WHAT IS BEING ASKED: Your copy of the listing should be exact and should contain no pictures.

RECORDED INFORMATION:
##########

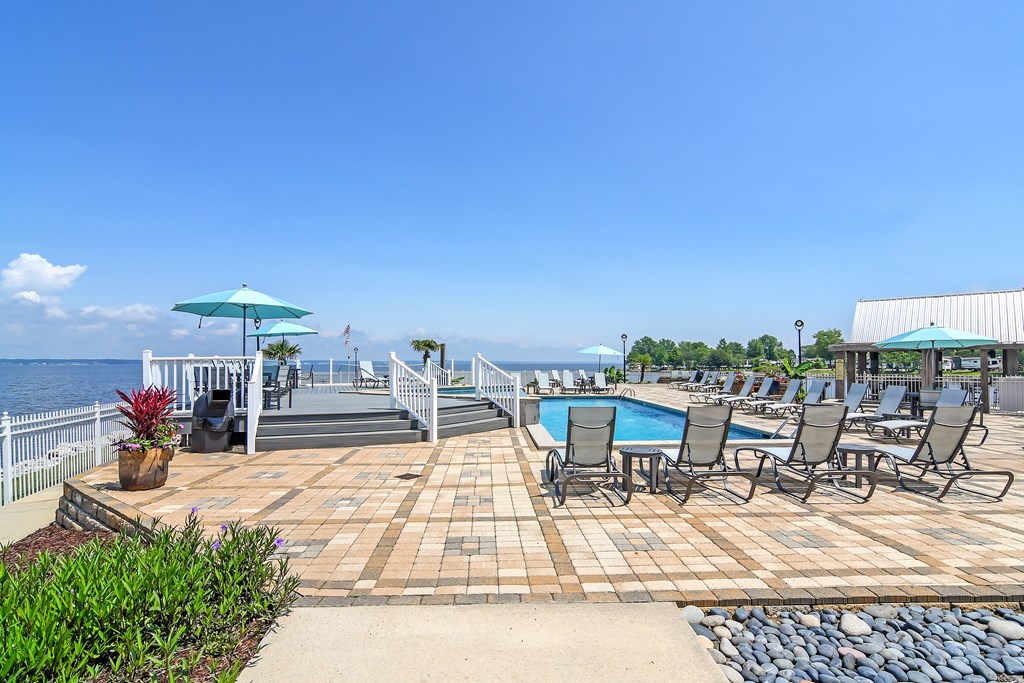 A pool area with chairs and umbrellas overlooking the water at Lakeshore Pointe Apartment Homes, Mississippi, 39047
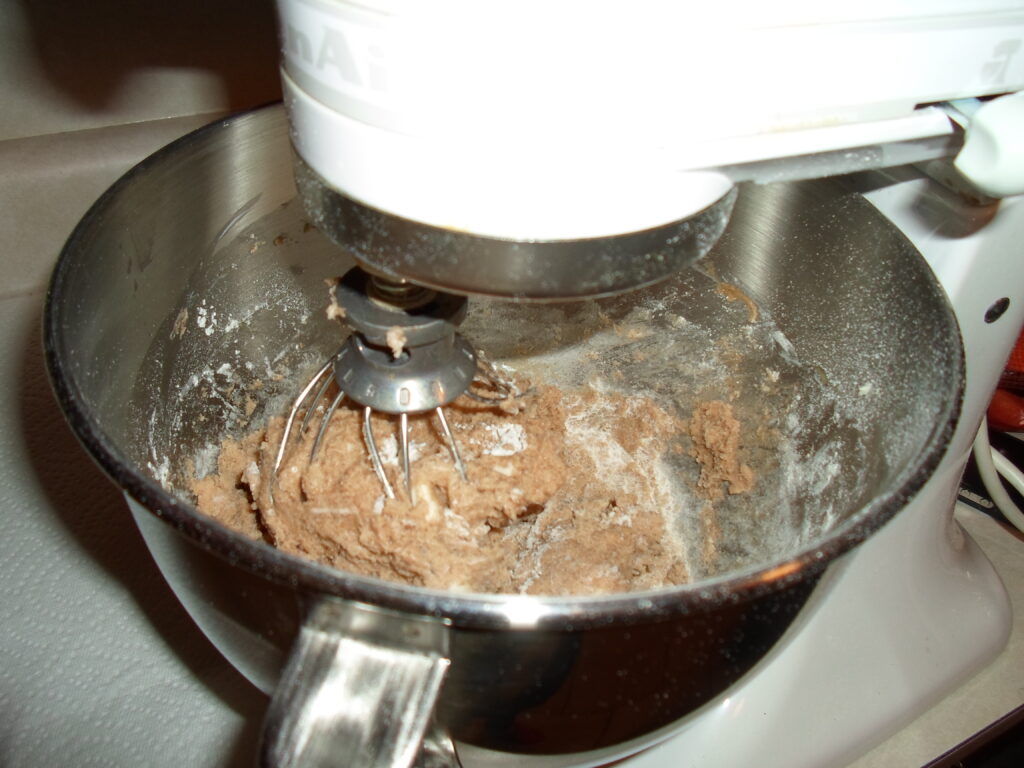 A stand mixer with a paddle attachment beating pale butter and sugar in a metal bowl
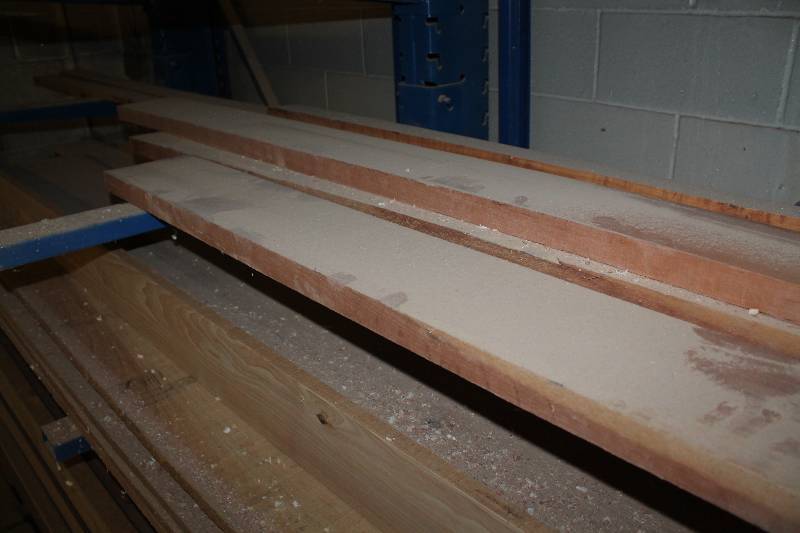 lot 208 image: Third shelf down wood south wall in bay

##########

RESULT BELOW:
 A pool area with chairs and umbrellas overlooking the water at Lakeshore Pointe Apartment Homes, Mississippi, 39047
 A stand mixer with a paddle attachment beating pale butter and sugar in a metal bowl
 lot 208 image: Third shelf down wood south wall in bay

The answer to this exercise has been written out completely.